Operational risks refer to the various risks that can arise from a company’s ordinary business activities. The operational risk category includes lawsuits, fraud risk, personnel problems and business model risk, which is the risk that a company’s models of marketing and growth plans may prove to be inaccurate or inadequate.

Diversification of Financial Risk

Financial risk, market risk, and even inflation risk can at least partially be moderated by forms of diversification.

The returns from different assets are highly unlikely to be perfectly correlated and the correlation may sometimes be negative. For instance, an increase in the price of oil will often favour a company that produces it, but negatively impact the business of a firm such an airline whose variable costs are heavily based upon fuel. However, share prices are driven by many factors, such as the general health of the economy which will increase the correlation and reduce the benefit of diversification. If one constructs a portfolio by including a wide variety of equities, it will tend to exhibit the same risk and return characteristics as the market as a whole, which many investors see as an attractive prospect, so that index funds have been developed that invest in equities in proportion to the weighting they have in some well-known index such as the FTSE.

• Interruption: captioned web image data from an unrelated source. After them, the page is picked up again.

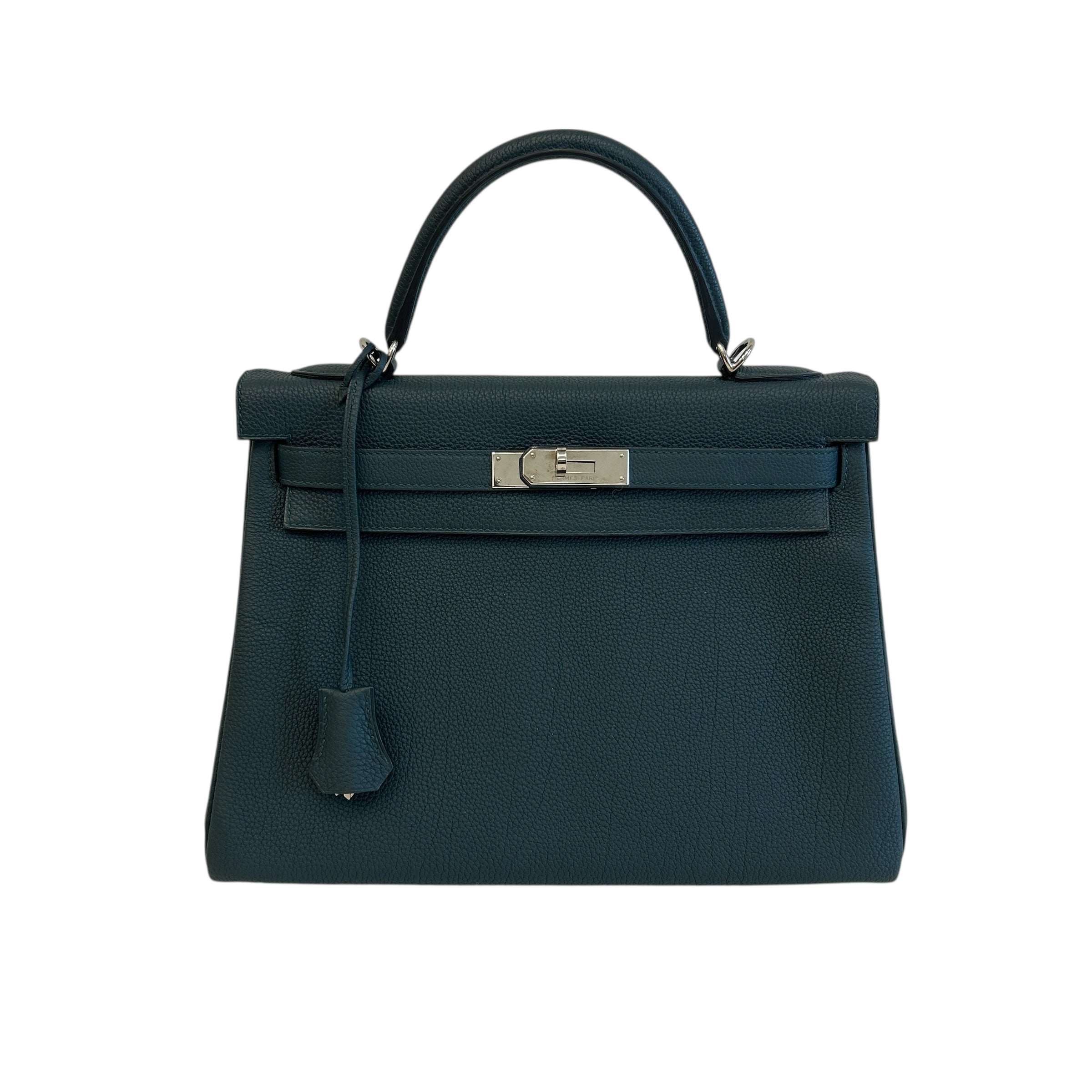 Vert Cypres Togo Leather Kelly II 32 Retourne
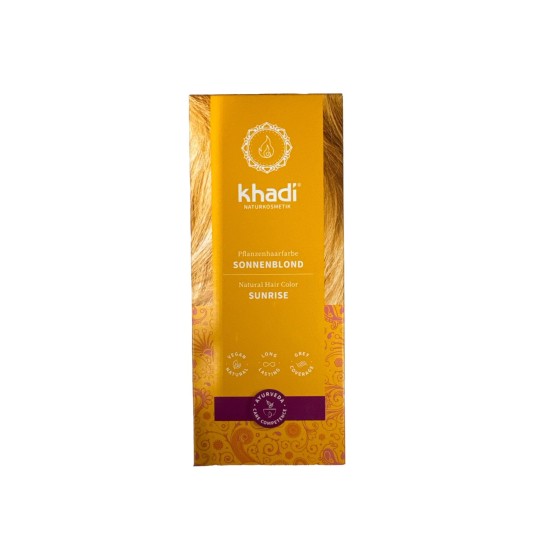 Coloration permanente aux plantes - blond soleil - Sunrise - 100 g Coloration permanente aux plantes - blond soleil - Sunrise - 100 g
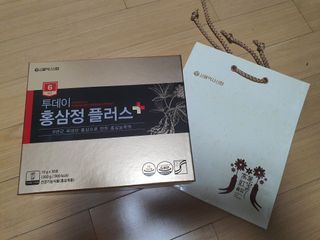 서울약사신협_투데이홍삼정플러스스틱_10g x 30포 — 4.5점을 준 리뷰어가 2021년 1월 올린 사용 사진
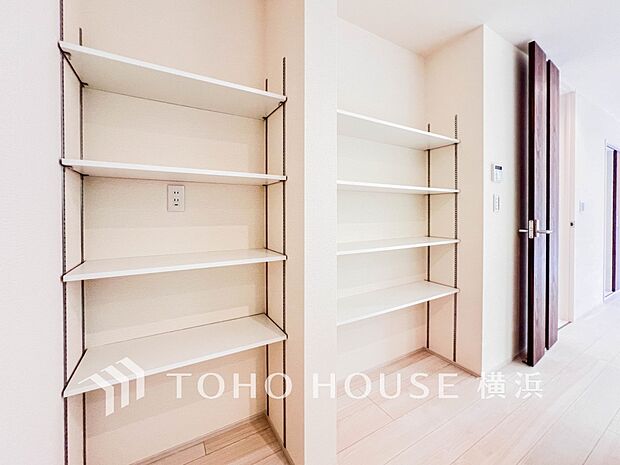 暮らし心地を大きく左右する収納を、適材適所に配置し使い勝手を考慮しました。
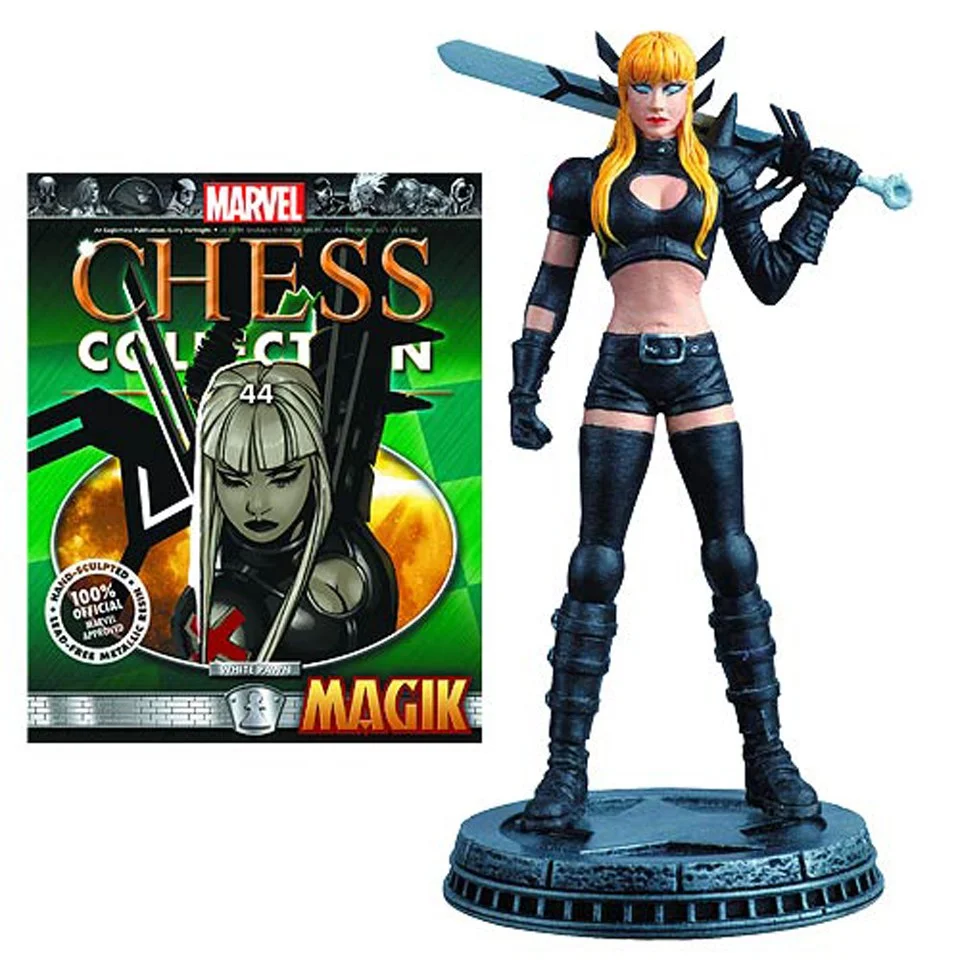 Marvel Magik White Pawn Chess Piece with Collector Magazine Bild 1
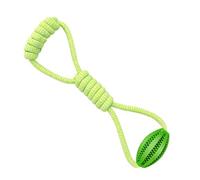 Huvqianu Dog Rope Ball Toy, Interactive Rope Toy, Food Leakage Design Dispenser, 3,54 in Chewer Supplies, Portable Pet Chew Plaything for Medium, Small Dogs, Training, Playtime Accessory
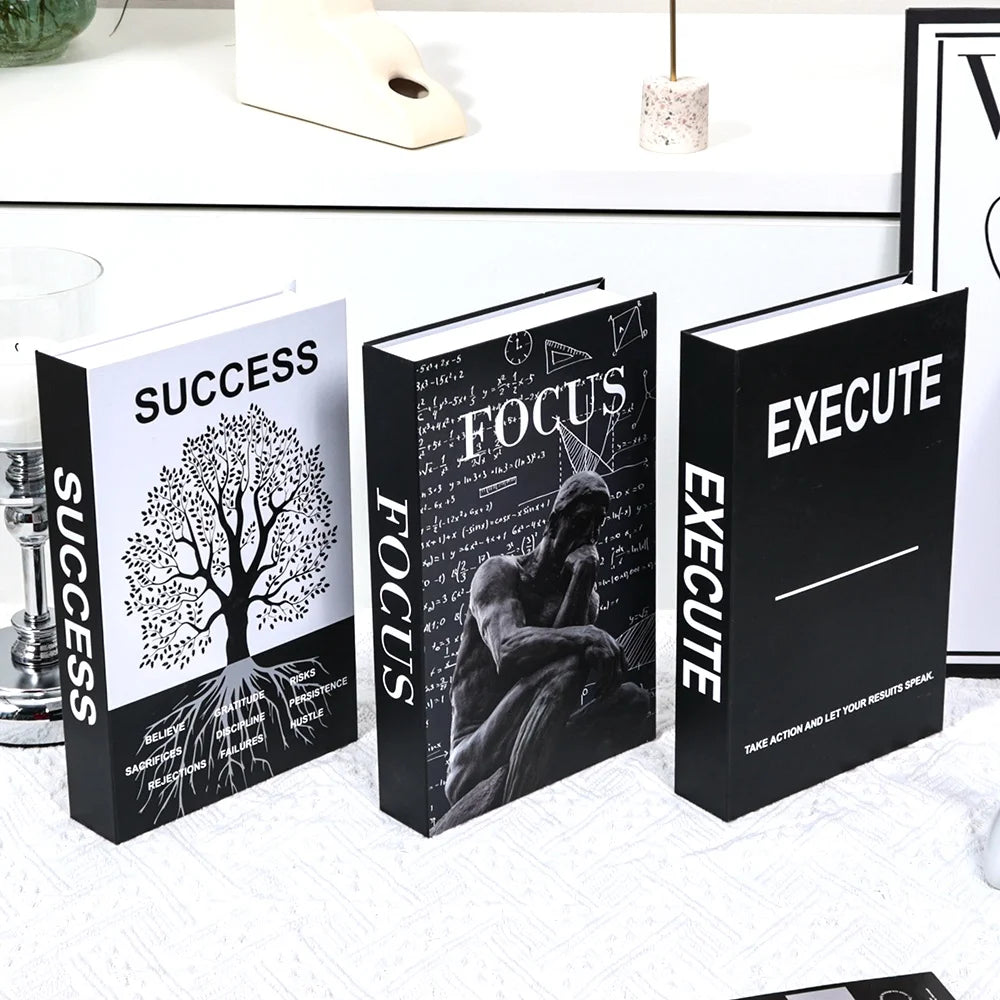 Livro decorativo 3 em 1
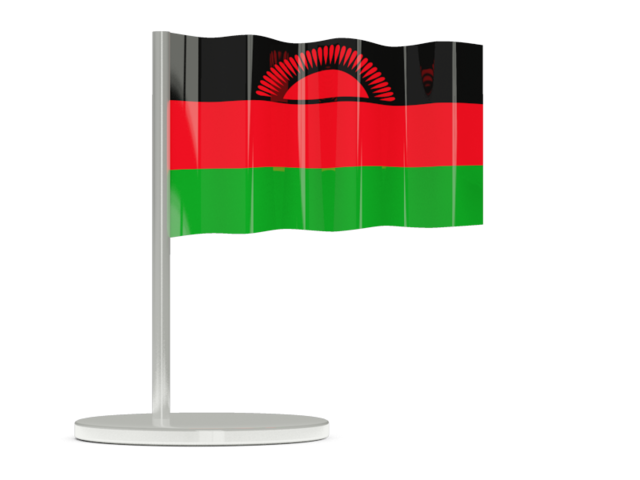 Malawi National Flag Display PNG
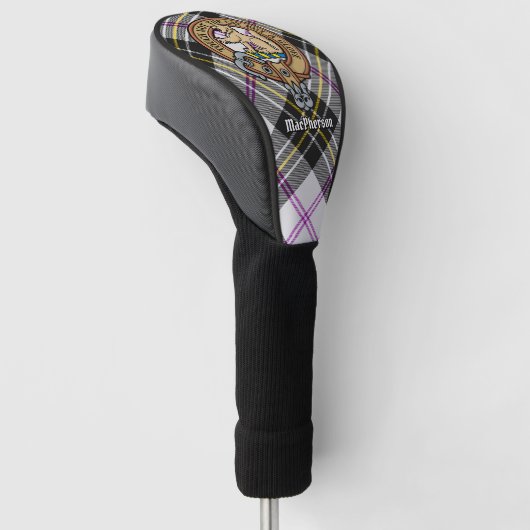 Clan MacPherson Crest over Jurk Tartan Golfheadcover (Schuin)
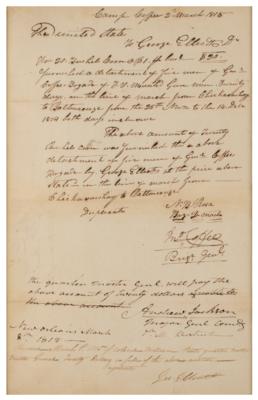 Lot #12 Andrew Jackson Autograph Endorsement Signed - Image 2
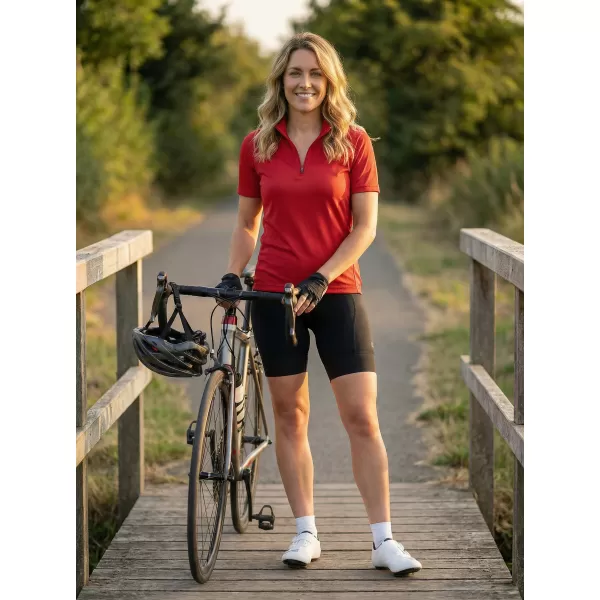  Dámsky cyklo dres ALTISPORT NoPrint NP/ALW115NJ RED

However, history shows that even over substantial periods of time there is a wide range of returns that an index fund may experience; so an index fund by itself is not “fully diversified”. Greater diversification can be obtained by diversifying across asset classes; for instance a portfolio of many bonds and many equities can be constructed in order to further narrow the dispersion of possible portfolio outcomes.

A key issue in diversification is the correlation between assets, the benefits increasing with lower correlation. However this is not an observable quantity, since the future return on any asset can never be known with complete certainty. This was a serious issue in the late-2000s recession when assets that had previously had small or even negative correlations suddenly starting moving in the same direction causing severe financial stress to market participants who had believed that their diversification would protect them against any plausible market conditions, including funds that had been explicitly set up to avoid being affected in this way.

Diversification has costs. Correlations must be identified and understood, and since they are not constant it may be necessary to rebalance the portfolio which incurs transaction costs due to buying and selling assets. There is also the risk that as an investor or fund manager diversifies, their ability to monitor and understand the assets may decline leading to the possibility of losses due to poor decisions or unforeseen correlations.

Hedging of Financial Risk

Hedging is a method for reducing risk where a combination of assets are selected to offset the movements of each other. For instance, when investing in a stock it is possible to buy an option to sell that stock at a defined price at some point in the future. The combined portfolio of stock and option is now much less likely to move below a given value. As in diversification there is a cost, this time in buying the option for which there is a premium. Derivatives are used extensively to mitigate many types of risk.